Task description: Could you give back exactly the lines below from the one with "1-3 months Male Purebred Poodle" through the one with "Iris ELECTRIFYING", without a single picture?

Data for this exercise:
_____

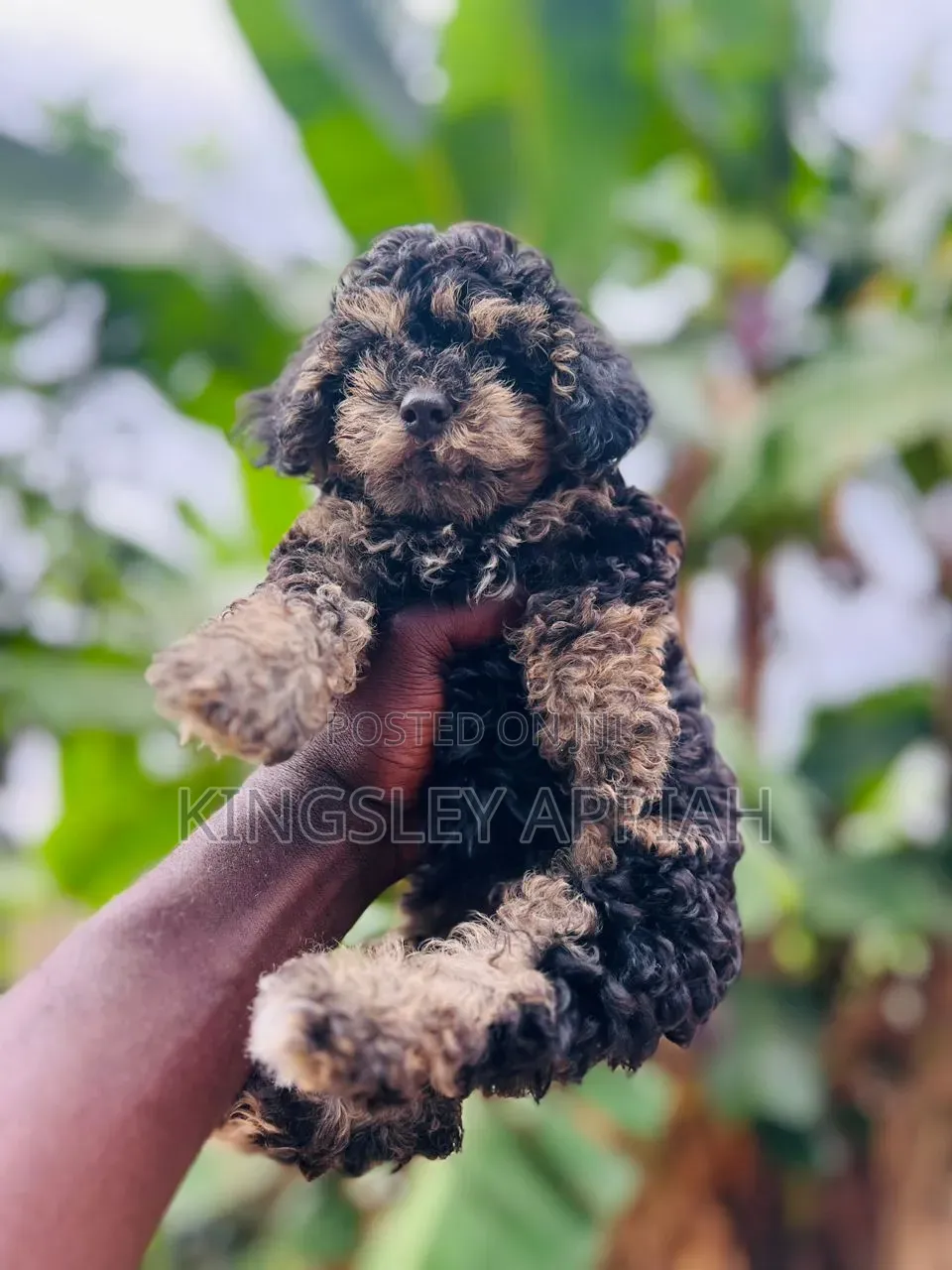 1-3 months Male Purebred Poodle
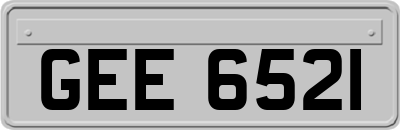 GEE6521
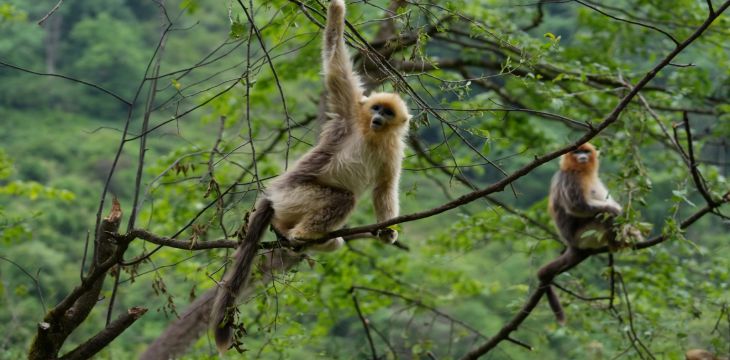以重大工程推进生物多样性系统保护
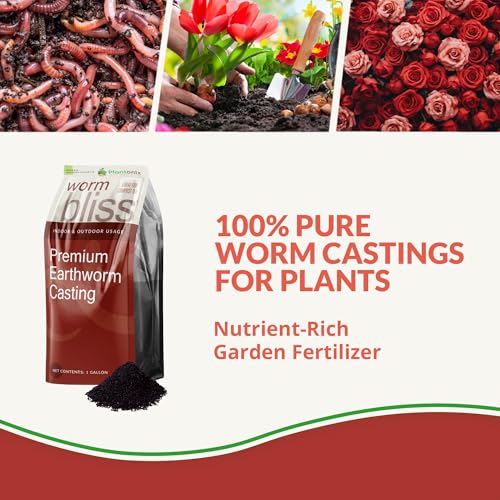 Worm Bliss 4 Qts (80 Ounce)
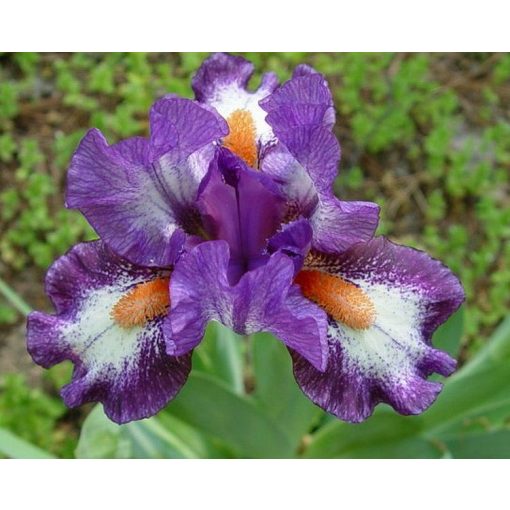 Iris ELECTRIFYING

_____

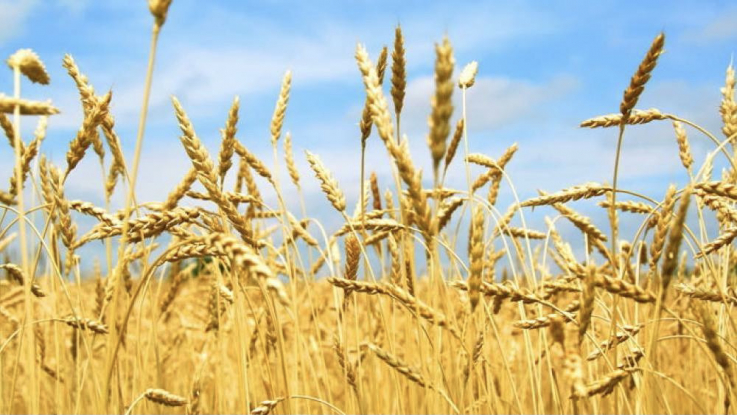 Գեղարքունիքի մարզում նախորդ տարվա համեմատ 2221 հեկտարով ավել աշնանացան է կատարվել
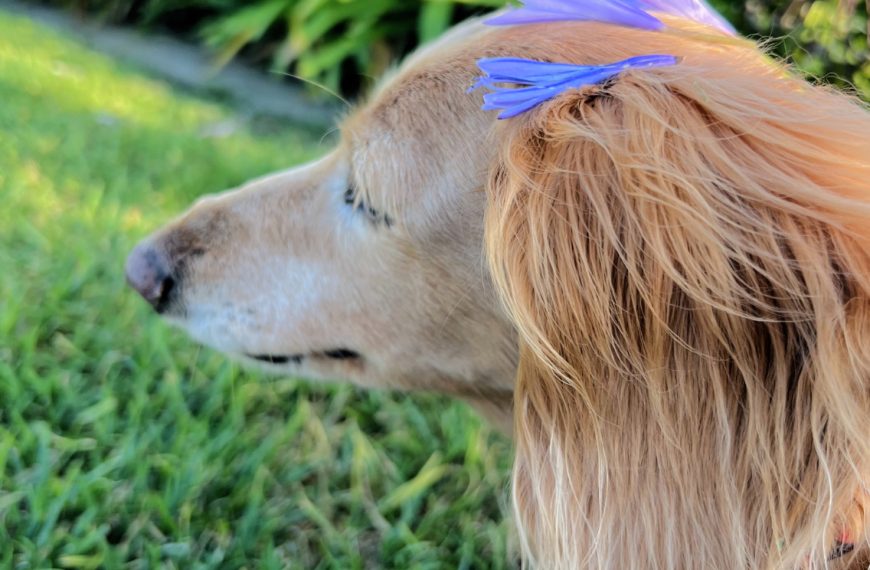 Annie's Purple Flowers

_____

Solution:
 1-3 months Male Purebred Poodle
 GEE6521
以重大工程推进生物多样性系统保护
 Worm Bliss 4 Qts (80 Ounce)
 Iris ELECTRIFYING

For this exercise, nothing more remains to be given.